There were periodic incidents which sometimes were amusing, but sometimes only after a bit of time passed.  On two occasions someone at the Grunewald site failed to clear their automatic pistol correctly and ricocheted a bullet off the floor and through the ceiling barely missing nearby personnel.  Another time while in transit from Andrews Barracks to the Grunewald site, we were ambushed by soldiers in strange uniforms firing a machine gun point blank at our vehicle.  It turned out the they were “aggressor” forces in an U.S. army infantry training exercise that had set up their position at the wrong place within the Gunewald forest.  Fortunately for us, their bullets were blanks. They were lucky, because we were under orders not to be stopped and our bullets were not blanks.

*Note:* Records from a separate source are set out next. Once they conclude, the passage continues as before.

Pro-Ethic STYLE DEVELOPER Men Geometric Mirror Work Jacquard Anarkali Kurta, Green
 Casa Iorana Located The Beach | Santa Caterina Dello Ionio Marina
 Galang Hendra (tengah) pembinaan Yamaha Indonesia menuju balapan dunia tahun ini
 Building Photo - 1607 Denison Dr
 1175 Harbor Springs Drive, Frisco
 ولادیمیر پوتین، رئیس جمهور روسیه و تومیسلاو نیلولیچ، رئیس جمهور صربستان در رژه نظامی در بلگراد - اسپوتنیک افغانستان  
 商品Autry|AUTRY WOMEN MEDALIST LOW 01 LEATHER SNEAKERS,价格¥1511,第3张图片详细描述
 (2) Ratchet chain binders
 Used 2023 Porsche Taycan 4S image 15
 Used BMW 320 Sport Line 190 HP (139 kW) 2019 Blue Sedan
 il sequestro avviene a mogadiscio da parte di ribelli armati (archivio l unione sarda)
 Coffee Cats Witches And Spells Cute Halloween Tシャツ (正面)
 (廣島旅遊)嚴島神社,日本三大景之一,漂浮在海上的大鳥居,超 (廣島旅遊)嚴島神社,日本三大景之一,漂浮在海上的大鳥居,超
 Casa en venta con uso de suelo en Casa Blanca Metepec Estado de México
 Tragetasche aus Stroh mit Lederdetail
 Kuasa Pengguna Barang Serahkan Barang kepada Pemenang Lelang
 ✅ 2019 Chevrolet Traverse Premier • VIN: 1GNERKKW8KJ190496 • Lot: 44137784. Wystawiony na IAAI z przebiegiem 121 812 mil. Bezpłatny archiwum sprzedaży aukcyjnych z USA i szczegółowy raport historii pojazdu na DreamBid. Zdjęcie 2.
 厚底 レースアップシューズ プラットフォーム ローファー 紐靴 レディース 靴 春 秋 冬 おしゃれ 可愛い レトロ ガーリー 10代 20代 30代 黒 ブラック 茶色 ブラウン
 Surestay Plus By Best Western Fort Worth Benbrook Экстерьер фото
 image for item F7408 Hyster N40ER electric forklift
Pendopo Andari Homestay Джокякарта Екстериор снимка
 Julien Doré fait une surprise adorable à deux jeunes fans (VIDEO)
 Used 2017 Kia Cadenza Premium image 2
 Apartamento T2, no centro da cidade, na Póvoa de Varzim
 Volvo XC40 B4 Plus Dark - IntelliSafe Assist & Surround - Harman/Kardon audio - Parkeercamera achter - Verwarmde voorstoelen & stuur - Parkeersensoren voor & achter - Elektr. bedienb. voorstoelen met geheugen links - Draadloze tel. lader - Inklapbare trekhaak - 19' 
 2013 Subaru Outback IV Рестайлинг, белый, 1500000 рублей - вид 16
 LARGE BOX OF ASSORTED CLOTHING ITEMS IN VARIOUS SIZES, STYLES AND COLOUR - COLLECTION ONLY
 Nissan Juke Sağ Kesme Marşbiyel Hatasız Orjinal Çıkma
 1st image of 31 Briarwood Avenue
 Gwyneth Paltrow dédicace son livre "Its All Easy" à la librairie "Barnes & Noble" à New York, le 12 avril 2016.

Only good fortune avoided a tragedy.


While working at the Rudow site, myself and a couple of other guys were on break.  This site was powered by large diesel generators.  The fellow who maintained the generators stopped in with a mystery.  He explained that generators only create electricity that is demanded of them and his generators were running flat out, generating much more electricity that our equipment would demand.  Rudow was smack dab on the border of the Soviet Zone with a local village nearby.  We began to wonder if VOPOs  had somehow tapped in to our power and were electrifying the whole local village.  About this time one the guards patrolling our perimeter fence came in complaining that he had just about got electrocuted when he tried to open the security gate to let a vehicle in.  It turned out that there was a short in the perimeter lighting wiring which had electrified the whole eight foot fence.




After finishing my tour in April 1959, I returned to reestablish my married life and career.  It was back to the accounting desk.  Within a year or so, I was transferred to the corporate headquarters in Toledo, Ohio.  While the military and intelligence services had operated mainframe computers since World War II, they were new to the business world.  Owens Corning Fiberglas had established a large computer center at their headquarters but was having difficulty obtaining the appropriate personnel to program and operate this new technology.   I found accounting really rather boring and repetitive and when a “cattle call” went out for anyone interested in learning how to write programs for these large (for the time) machines, I jumped at the chance and never looked back.


For the next thirty plus years I worked with data processing (later upgraded to be called Information Technology).  This ranged from writing computer programs in machine code to occupying management positions.  My work required a great deal of travel but by taking a few courses at a time, I was able to earn my MBA at the University of Toledo over a period of five years.


Along the way, I left OCF and joined a French firm, Schlumberger, Ltd. which was big in oil field services and the manufacture of electrical, gas and water meters.  Since Schlumberger was headquartered in Paris, My family and I were occasionally able to enjoy visiting our favorite city by combining business with pleasure.


Along the way, Elizabeth and I have been blessed with two daughters, a son and seven grandchildren, including a darling adopted granddaughter from Russia. We have lived in Kansas, Ohio and Michigan, ending up in South Carolina where I retired in 1998.  We live in a lovely small town, Simpsonville, near the foothills of the Blue Ridge Mountains.  For more than three decades we lived in a small university town (Clemson, SC) where others visit for college football, vacation or move to in retirement. I am now enjoying reading and such while occasionally trying to gain a few of the personal computer skills that my older grandchildren long ago mastered. 


Providing technical support for the Berliner Kamraden web site has been a great pleasure.